> TASK TO COMPLETE:
In the material beneath, how many lines contain the word "Photo"? Give the count alone.

[EXTRACTED DATA — start]

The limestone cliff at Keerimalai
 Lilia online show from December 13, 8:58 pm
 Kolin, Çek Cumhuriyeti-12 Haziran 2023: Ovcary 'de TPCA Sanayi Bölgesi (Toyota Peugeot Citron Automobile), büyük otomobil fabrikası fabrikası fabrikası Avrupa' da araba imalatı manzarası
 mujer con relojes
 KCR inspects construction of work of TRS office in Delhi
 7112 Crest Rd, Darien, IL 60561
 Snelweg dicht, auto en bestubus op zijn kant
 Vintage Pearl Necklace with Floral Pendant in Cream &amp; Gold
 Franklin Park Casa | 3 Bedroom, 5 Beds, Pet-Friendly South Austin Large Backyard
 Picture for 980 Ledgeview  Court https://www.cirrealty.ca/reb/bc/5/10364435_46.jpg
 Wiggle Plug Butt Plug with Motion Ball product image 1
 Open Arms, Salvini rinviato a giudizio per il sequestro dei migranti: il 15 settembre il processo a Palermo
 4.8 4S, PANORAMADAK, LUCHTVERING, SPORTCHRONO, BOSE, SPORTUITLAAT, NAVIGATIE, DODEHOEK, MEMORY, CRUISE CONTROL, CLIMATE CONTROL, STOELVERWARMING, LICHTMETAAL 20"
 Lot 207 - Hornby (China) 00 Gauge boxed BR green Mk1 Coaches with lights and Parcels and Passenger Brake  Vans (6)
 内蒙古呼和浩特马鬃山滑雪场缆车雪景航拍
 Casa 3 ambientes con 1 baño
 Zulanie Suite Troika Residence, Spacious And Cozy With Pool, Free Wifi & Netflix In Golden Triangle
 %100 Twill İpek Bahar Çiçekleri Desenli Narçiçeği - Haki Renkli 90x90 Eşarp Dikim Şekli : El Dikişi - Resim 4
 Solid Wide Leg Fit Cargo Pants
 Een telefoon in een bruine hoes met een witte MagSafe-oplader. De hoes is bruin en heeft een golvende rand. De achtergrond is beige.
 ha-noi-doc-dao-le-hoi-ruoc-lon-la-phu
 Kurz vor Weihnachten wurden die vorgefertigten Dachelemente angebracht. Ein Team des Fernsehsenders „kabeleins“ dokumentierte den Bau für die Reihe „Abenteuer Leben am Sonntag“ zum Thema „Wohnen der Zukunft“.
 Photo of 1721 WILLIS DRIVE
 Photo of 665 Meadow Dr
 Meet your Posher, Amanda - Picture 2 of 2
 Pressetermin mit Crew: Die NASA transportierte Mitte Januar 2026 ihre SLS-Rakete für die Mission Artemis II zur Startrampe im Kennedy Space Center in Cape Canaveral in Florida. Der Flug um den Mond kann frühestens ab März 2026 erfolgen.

[EXTRACTED DATA — finish]

> WRITTEN REPLY:
2